▶ TASK TO CARRY OUT: Every record below is to be retyped exactly, with any pictures left out.

▶ DATA TO EXAMINE:
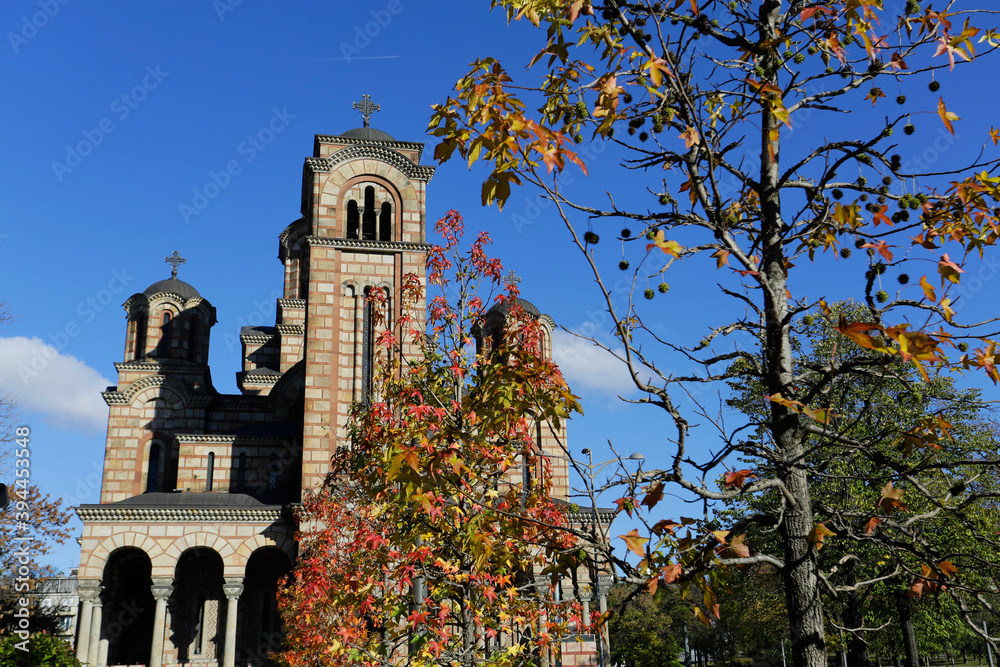 Front view of St. Mark's orthodox church amid colorful trees in Tasmajdan park, during a sunny autumn day in Belgrade, Serbia.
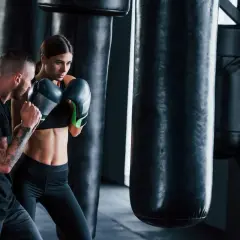 A man with tattoos trains a woman in boxing gloves. They are in a gym with punching bags, showcasing the physical and mental boxing benefits.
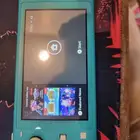 نينتندو سويتش لايت مع ملحقاته وكرت داكرة 256 وشاحن الاصلي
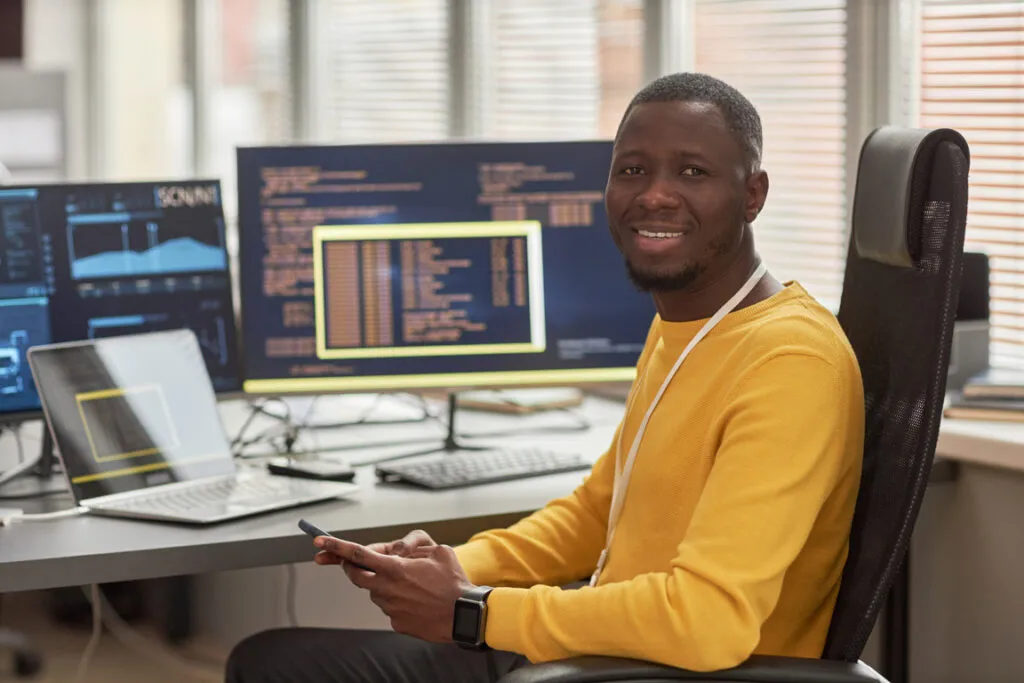 Software developer working at a code-filled workstation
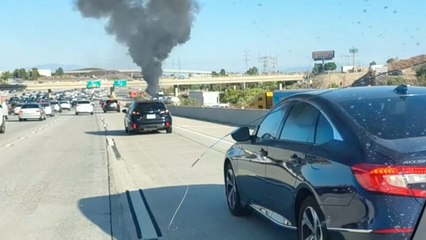 Fire engulfs truck loaded with Teslas on 5 Freeway in Sylmar & forces closure of southbound lanes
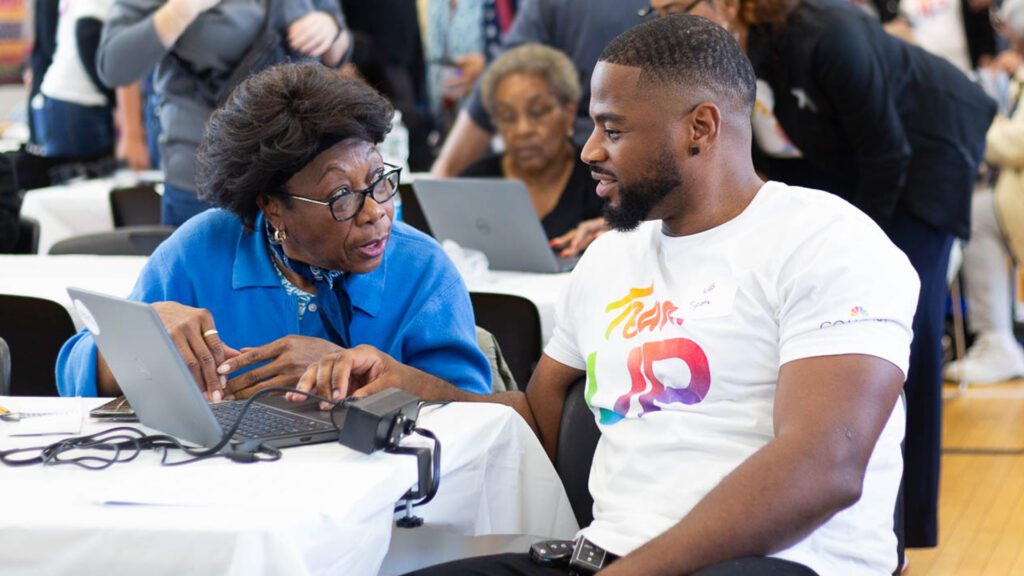 The image depicts two individuals seated at a table, working on a laptop. They are in a room with other people, possibly during an event or meeting. One person is wearing a blue top and the other a white t-shirt with colorful text and graphics.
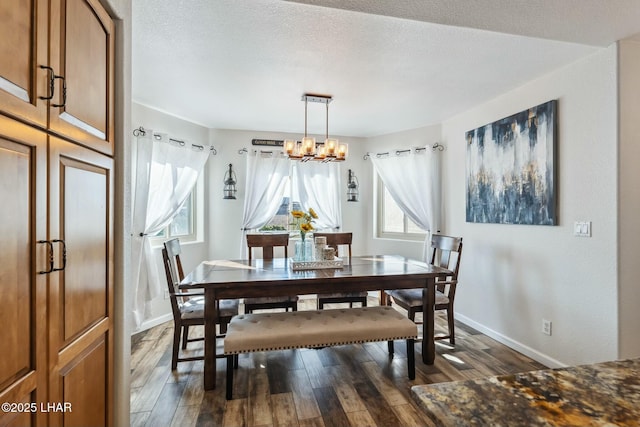 dining space with dark wood finished floors, a notable chandelier, a textured ceiling, and baseboards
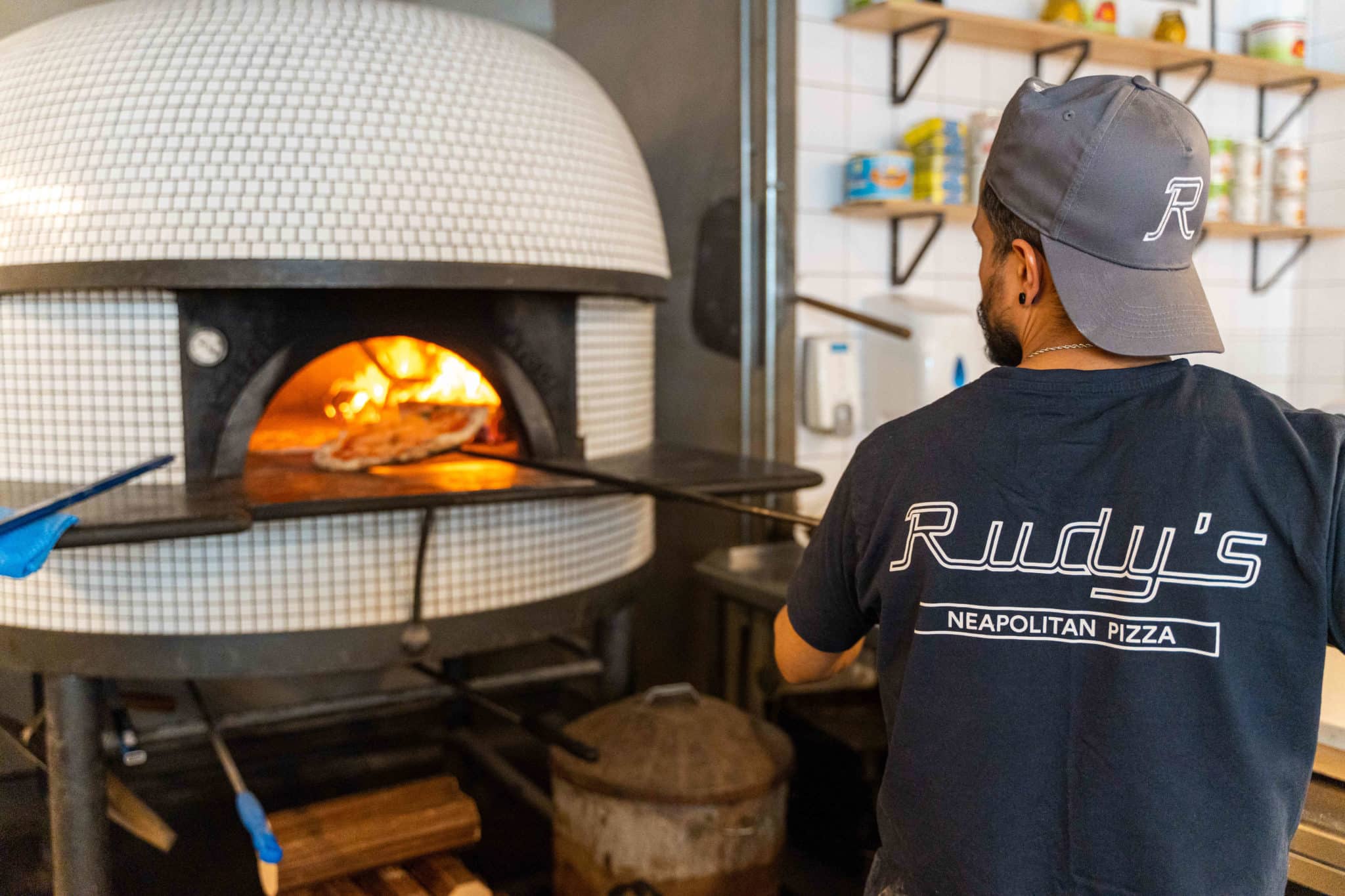A man placing a pizza into a white pizza oven, wearing a tshirt that says 'Rudy's'.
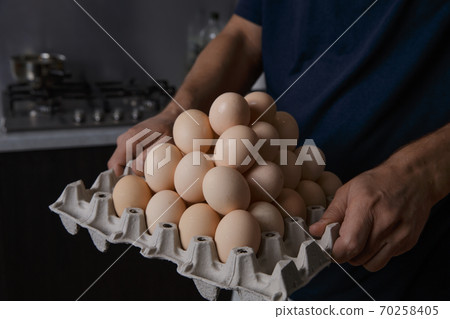 a man holding a full tray of chicken eggs in his own kitchen a man holding a full tray of chicken eggs in his own kitchen 70258405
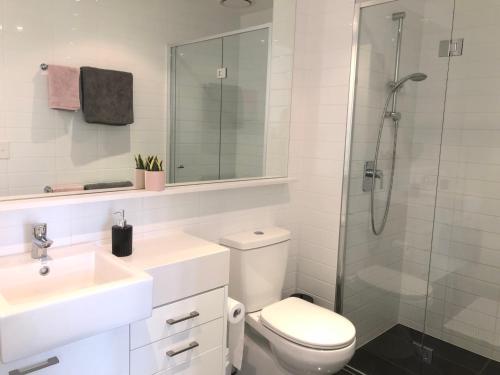 メルボルンにあるEPIC Private Apartmentのトイレ、洗面台、シャワー付きのバスルーム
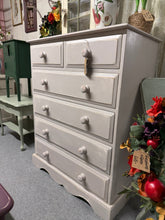 Load image into Gallery viewer, A charming solid pine chest of drawers, finished in soft grey with a gently distressed surface that adds character and vintage appeal. The practical 2-over-4 drawer configuration offers ample storage for bedroom essentials or living spaces. Well-maintained with only minor signs of use, this piece combines functionality with understated elegance.
Delivery Available
Overall Dimensions
92cm wide x 50cm deep x 117cm high
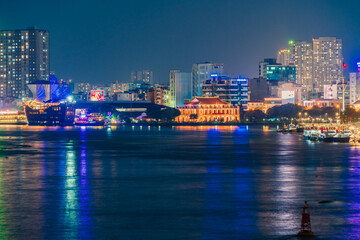 Fototapeta na wymiar Ho Chi Minh City, Vietnam - December 26, 2022: Beautiful night in Ho Chi Minh city known as Saigon, one of the big cities is developed in Vietnam. See Bitexco tower, saigon river and center city view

▶ REPLY TO THE EXERCISE:
 Front view of St. Mark's orthodox church amid colorful trees in Tasmajdan park, during a sunny autumn day in Belgrade, Serbia.
 A man with tattoos trains a woman in boxing gloves. They are in a gym with punching bags, showcasing the physical and mental boxing benefits.
 نينتندو سويتش لايت مع ملحقاته وكرت داكرة 256 وشاحن الاصلي
 Software developer working at a code-filled workstation
 Fire engulfs truck loaded with Teslas on 5 Freeway in Sylmar & forces closure of southbound lanes
 The image depicts two individuals seated at a table, working on a laptop. They are in a room with other people, possibly during an event or meeting. One person is wearing a blue top and the other a white t-shirt with colorful text and graphics.
 dining space with dark wood finished floors, a notable chandelier, a textured ceiling, and baseboards
A man placing a pizza into a white pizza oven, wearing a tshirt that says 'Rudy's'.
 a man holding a full tray of chicken eggs in his own kitchen a man holding a full tray of chicken eggs in his own kitchen 70258405
 メルボルンにあるEPIC Private Apartmentのトイレ、洗面台、シャワー付きのバスルーム
 Load image into Gallery viewer, A charming solid pine chest of drawers, finished in soft grey with a gently distressed surface that adds character and vintage appeal. The practical 2-over-4 drawer configuration offers ample storage for bedroom essentials or living spaces. Well-maintained with only minor signs of use, this piece combines functionality with understated elegance.
Delivery Available
Overall Dimensions
92cm wide x 50cm deep x 117cm high
 Fototapeta na wymiar Ho Chi Minh City, Vietnam - December 26, 2022: Beautiful night in Ho Chi Minh city known as Saigon, one of the big cities is developed in Vietnam. See Bitexco tower, saigon river and center city view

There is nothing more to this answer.